> WHAT THE EXERCISE ASKS:
Produce one exact copy of the records, no pictures.

* * * * * * * * *

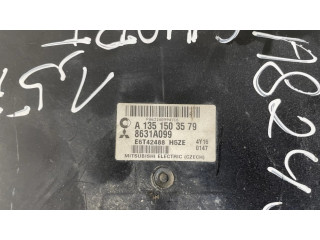 Блок управления двигателя a1351503579   Smart ForFour I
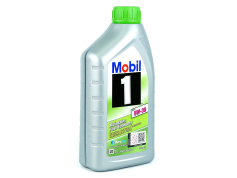 Олива MOBIL 1 ESP Formula 5W30 1л  олива моторна синтетична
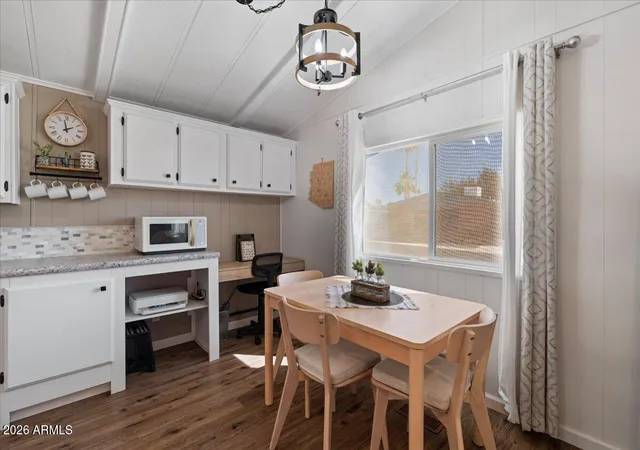 Photo 3 of Manufactured home for sale at 8103 E Southern Ave #192, Mesa, AZ 85209 | MLS# 7079148 | Listing updated on 2026-09-18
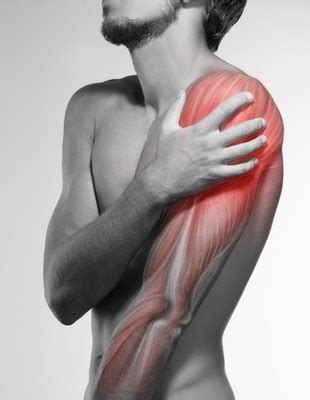 Saiba quais são as causas e melhores formas de tratar a tendinite no ombro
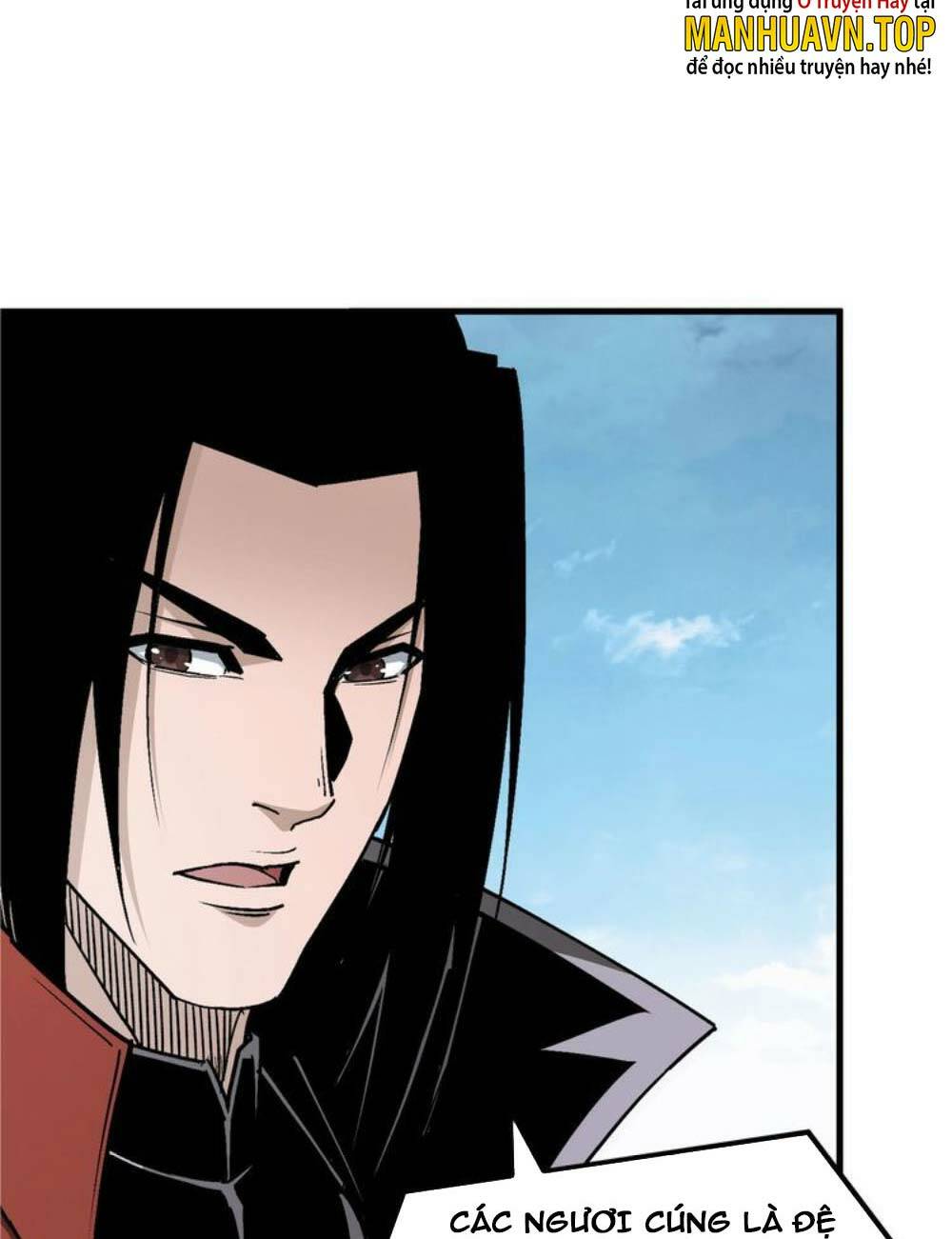 Tối Cường Phản Phái Hệ Thống Chapter 283 - Trang 2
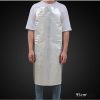Yếm chống cháy vải bạt amiang loại 95 cm - ycc bhvn 10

* * * * * * * * *

> YOUR SOLUTION:
 Блок управления двигателя a1351503579   Smart ForFour I
 Олива MOBIL 1 ESP Formula 5W30 1л  олива моторна синтетична
 Photo 3 of Manufactured home for sale at 8103 E Southern Ave #192, Mesa, AZ 85209 | MLS# 7079148 | Listing updated on 2026-09-18
 Saiba quais são as causas e melhores formas de tratar a tendinite no ombro
 Tối Cường Phản Phái Hệ Thống Chapter 283 - Trang 2
Yếm chống cháy vải bạt amiang loại 95 cm - ycc bhvn 10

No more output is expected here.